Convert a tiff file to searchable pdf file

atulkalohatechnology · August 6, 2014, 10:56am

Hi Team,

I have converted the tiff file to pdf using aspose.pdf dll but when i open a converted pdf and to find the some text using “ctrl+f” then it gives me a message of “text not found” though there is a text present in pdf file this means that the created pdf is not a searchable pdf.

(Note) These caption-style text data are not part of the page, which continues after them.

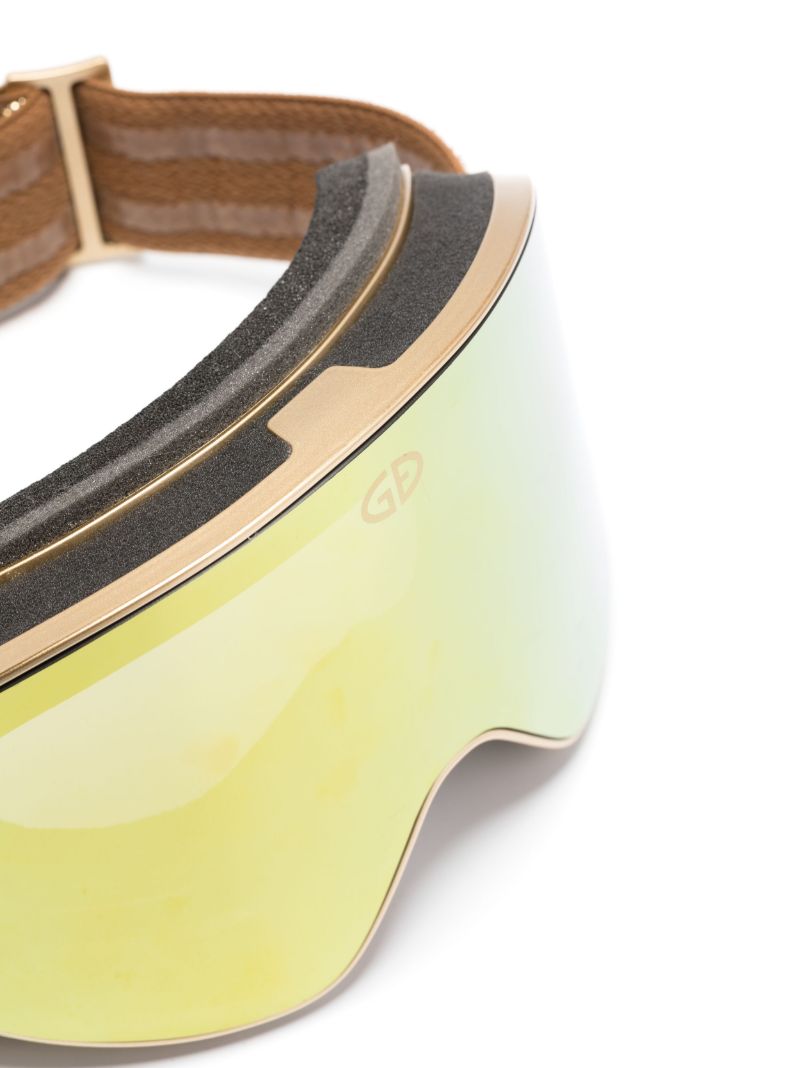 Gold Headturner Logo-strap Ski Goggles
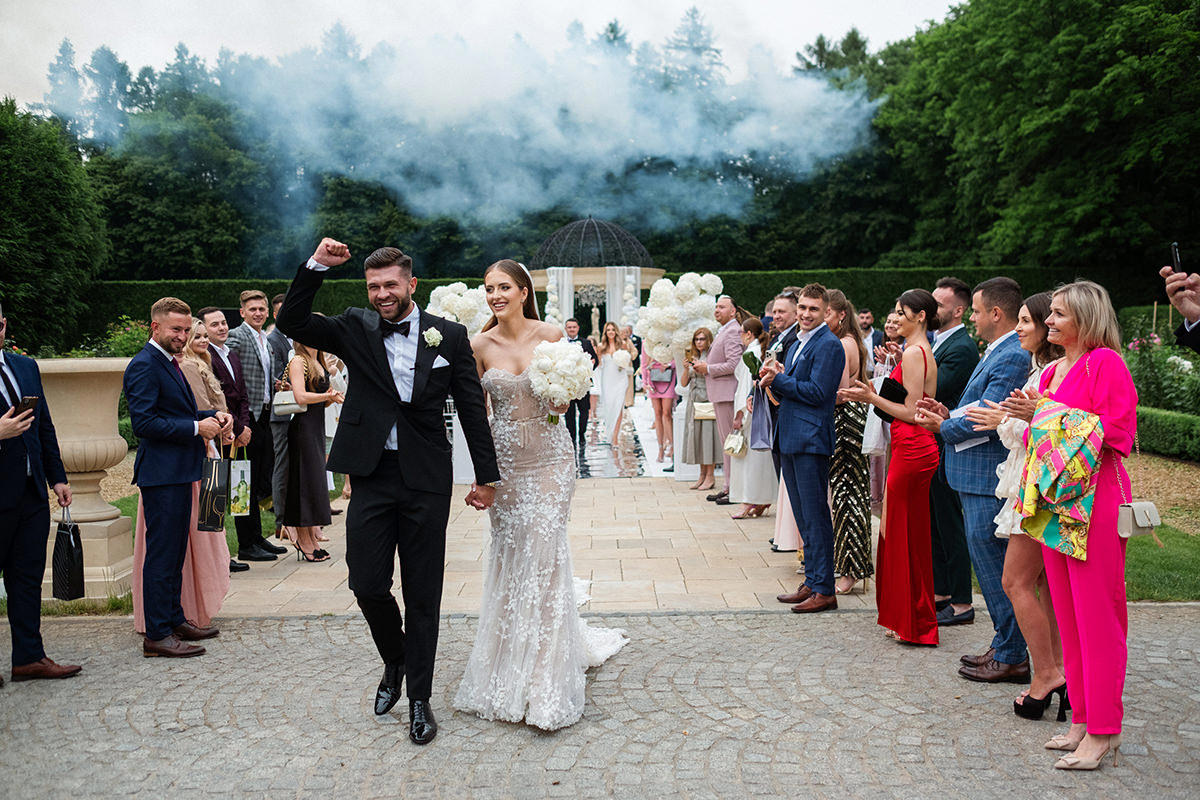 zdjęcia ślubne fotografia ślubna elegancki klasyczny glamour ślub Pałac Mała Wieś 5czwartych Agnieszka Rusinowska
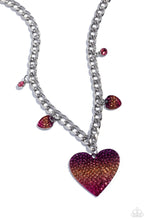 Load image into Gallery viewer, For the Most HEART - Pink Necklace by Paparazzi Accessories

I want to convert the tiff file to pdf with ocr functionality so can i get a c# code to convert the tiff file to searchable pdf.

Also i have used the below code that was posted from aspose team related to searchable pdf but it can’t works for me.

public void Main()
{
    Document doc = new Document("Input.pdf");
    doc.Convert(CallBackGetHocr);
    doc.Save("output.pdf");
}

private string CallBackGetHocr(System.Drawing.Image img)
{
    string dir = @"c:\PdfTest\";
    img.Save(dir + "test.jpg");
    ProcessStartInfo info = new ProcessStartInfo(@"tesseract");
    info.WindowStyle= ProcessWindowStyle.Hidden;
    info.Arguments = @"c:\pdftest\test.jpg c:\pdftest\out hocr";
    Process p = new Process();
    p.StartInfo = info;
    p.Start();
    p.WaitForExit();
    StreamReader streamReader = new StreamReader(@"c:\pdftest\out.html");
    string text = streamReader.ReadToEnd();
    streamReader.Close();
    return text;
}

I have downloaded the tesseract application also.

Thanks,
Atul kadam

tilal.ahmad · August 7, 2014, 3:05am

Hi Atul,

Thanks for your inquiry. As suggested code takes PDF file as input for creating searchable PDF document using google OCR tool. You may convert your TIFF image to PDF and then pass it to the mentioned code, It should work. If you find any issue then please share the error message and your source TIFF, we will test the scenario at our end and will guide you accordingly.

Best Regards,

atulkalohatechnology · August 7, 2014, 3:41am

Hello Tilal,

I have converted my tiff file first into PDF using TIFF image to PDF code then again i have used the above code to create the converted PDF to searchable pdf, The above code does not gives any error for me but the pdf file created is not searchable pdf when i try to search any word using ctrl+f that word is not gives me a message of “text not found” though there is a text present in pdf file. I have attached a tif which i have to convert into searchable pdf. Also Let us know that is there any another way to convert the tif to searchable pdf rather than using the “google OCR tool”.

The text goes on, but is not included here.